Cumhurbaşkanlığı İletişim Başkanı Fahrettin Altun, İstanbul Kongre Merkezi'nde, 'Kırılma Noktasında Bir Dünya: Krizleri ve Dönüşümü Yönetmek' temasıyla düzenlenen 8'inci TRT World Forum'a katıldı. Programda 30'dan fazla ülkeden 150'ye yakın yerli ve yabancı konuşmacı yer aldı. Fahrettin Altun da programda bir konuşma gerçekleştirdi. Altun, "Panelimizin başlığı Media Distortion Exposed: Uncovering the Forces Behind Polarisation. Burada güçlü bir iddia var. Medyanın taraflı bir tutum içinde olduğunu iddia ediyoruz ki bu iddia öyle kolay kolay yanlışlanabilecek türden bir iddia da değil. Oysa Batılı modern paradigmaya göre medya, bireylerin tarafsız şekilde bilgi, enformasyon, haber alma hakkını temin ettiği için değerlidir, gereklidir. Bu anlayışa göre medya, toplumun çıkarını savunan bir dördüncü kuvvettir ve siyaset üstü bir mekanizmadır" dedi.

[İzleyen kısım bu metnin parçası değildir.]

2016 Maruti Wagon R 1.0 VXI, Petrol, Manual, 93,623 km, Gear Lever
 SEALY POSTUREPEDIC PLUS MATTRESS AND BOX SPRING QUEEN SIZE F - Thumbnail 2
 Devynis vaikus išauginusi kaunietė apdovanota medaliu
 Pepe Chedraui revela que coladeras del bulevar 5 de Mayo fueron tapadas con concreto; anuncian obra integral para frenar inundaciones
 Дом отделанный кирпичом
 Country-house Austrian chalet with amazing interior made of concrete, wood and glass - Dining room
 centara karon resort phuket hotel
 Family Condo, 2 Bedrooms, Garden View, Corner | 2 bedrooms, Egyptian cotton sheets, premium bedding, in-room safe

'KÜRESEL İLETİŞİM ALANINDAKİ ADALET VE HAKİKAT KRİZLERİNİ BÜYÜTTÜLER'

Altun, medyanın dönem dönem insan hakları ihlaline neden olduğunu belirterek, "Tarihsel olarak medya bu konumunu güçlendirmek amacıyla haber ulaştırma misyonuna eğlendirici içerik ve reklam satma fonksiyonlarını da ekledi. Bu süreçte medya bireylere sağlıklı bir enformasyon akışı sağladı mı? İnsanlar medya aracılığıyla bilgiye sağlıklı şekilde erişip onu serbestçe dağıtabildiler mi? Hayır. Ana akım medya kuruluşları seçilmiş, filtrelenmiş, gözden geçirilmiş bilgiyi, haberi topluma iletti. Bu süreci de tabii oldukları iktidar mekanizmalarının çıkarlarına göre yönettiler. İstedikleri bilgiyi istedikleri şekilde gösterip, göstermek istemediklerini gizlediler. Ve bunu yaparken de dokunulmazlık zırhına büründüler. Hakikati, gerçeği, doğru bilgiyi değil, gerçeğin bir kısmını paylaştılar. Sonuçta paylaştıkları hakiki bilgi olmadı, tahrif edilmiş bilgi oldu. Konvansiyonel medya, analog dönem medyası bütün bunların yanında farklı ülkelerde, toplumlarda siyasal ve ideolojik kutuplaşmaları körükledi. Sistematik şekilde dezenformasyon ürettiler. Küresel iletişim alanındaki adalet ve hakikat krizlerini büyüttüler. Ve bütün bunlarla birlikte tarafgir tutumlarıyla küresel alanda kutuplaşmaları, ayrışmaları derinleştirdiler. Esasında bütün bunlar, başlı başına ağır insan hakları ihlalleri olarak ele alınmalıdır. Ben huzurlarınızda bu teklifte bulunuyorum" dedi.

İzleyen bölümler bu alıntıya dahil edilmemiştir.